A shared Drive (or sometimes called team Drive) is owned by an institution (e.g. by ODU, or another university or a lab) to which individuals with Google IDs can be allowed certain types of access (read-only, read-write, etc.).
In the first prompt below, "Configure this as a team drive?", you will need to respond "n" to access a personal Drive, or "y" to access a shared/team Drive.
Got code
Configure this as a team drive?
y) Yes
n) No (default)
y/n> n
--------------------
[my-gdrive]
type = drive
client_id = 605919805393-odnfmddo2v24ffodmg80j6ht4oi4kftn.apps.googleusercontent.com
client_secret = GOCSPX*******
scope = drive
token = {"access_token":"###REDACTED###","token_type":"Bearer","refresh_token":"###REDACTED###","expiry":"2022-11-17T05:07:15.32276879Z"}
--------------------
y) Yes this is OK (default)
e) Edit this remote
d) Delete this remote
y/e/d> y
Current remotes:
Name Type
==== ====
my-gdrive drive
Voila! Your Drive setup is good to go.
Let us now test if this access works correctly. Let us just list the contents of the root folder. From the terminal, type (do not include $
shell prompt):
$ rclone ls --max-depth=1 my-gdrive:
If all is well, you should see the listing of all the files in the root directories (no folders).

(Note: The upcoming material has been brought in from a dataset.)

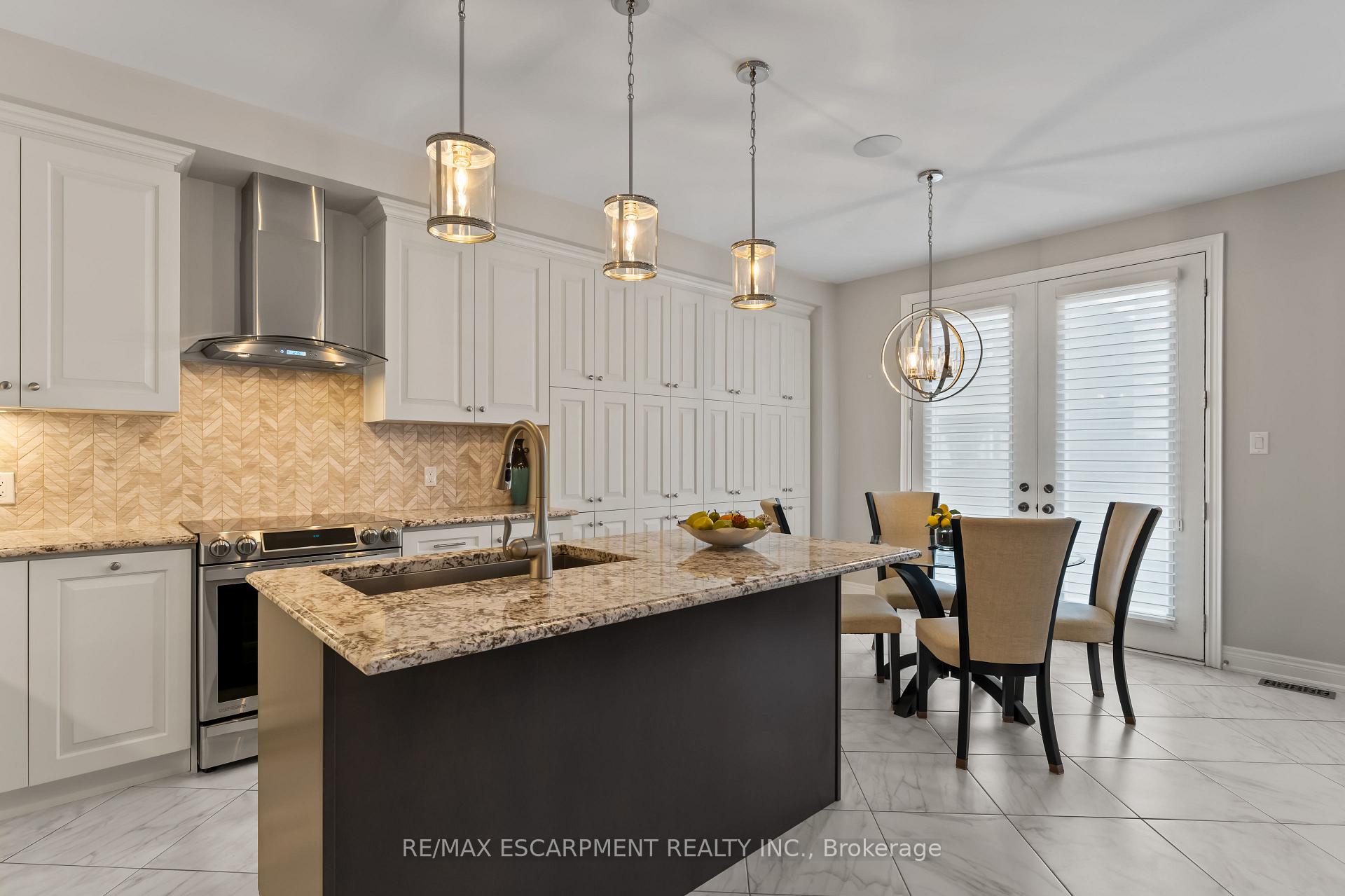 Photo 14 of 129 Fingland Crescent, Hamilton, Waterdown — HOMEH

Here is an example from one of the staff members' listing (redacted):
$ rclone ls --max-depth=1 wpurwant-gdrive:
-1 BLANK - Old Dominion University, Norfolk Maturity/Capabilities Model Assessment.xlsx
129915 Position Statements and Bios_2020.pdf
67430 NSF_RFI_Response_final.pdf
22627 DEAPSECURE 2.0 brainstorming
-1 DataUp response.docx
20318 DeapSECURE-module-3-MachineLearning
-1 Fabric Benchmarking 2017.docx
-1 ODU Training.docx
-1 ODU Zoom meetings.docx
-1 PEARC19 Champion Related Activities.docx
-1 Research Computing Strategy brainstorming doc.docx
-1 Restricted-data-computing-platforms-ODU-2022.d20220407.pptx
The first number on every row is the file size. If it is -1, it indicates a native Google document (Docs, Sheets, Slides). Other files will show the file sizes.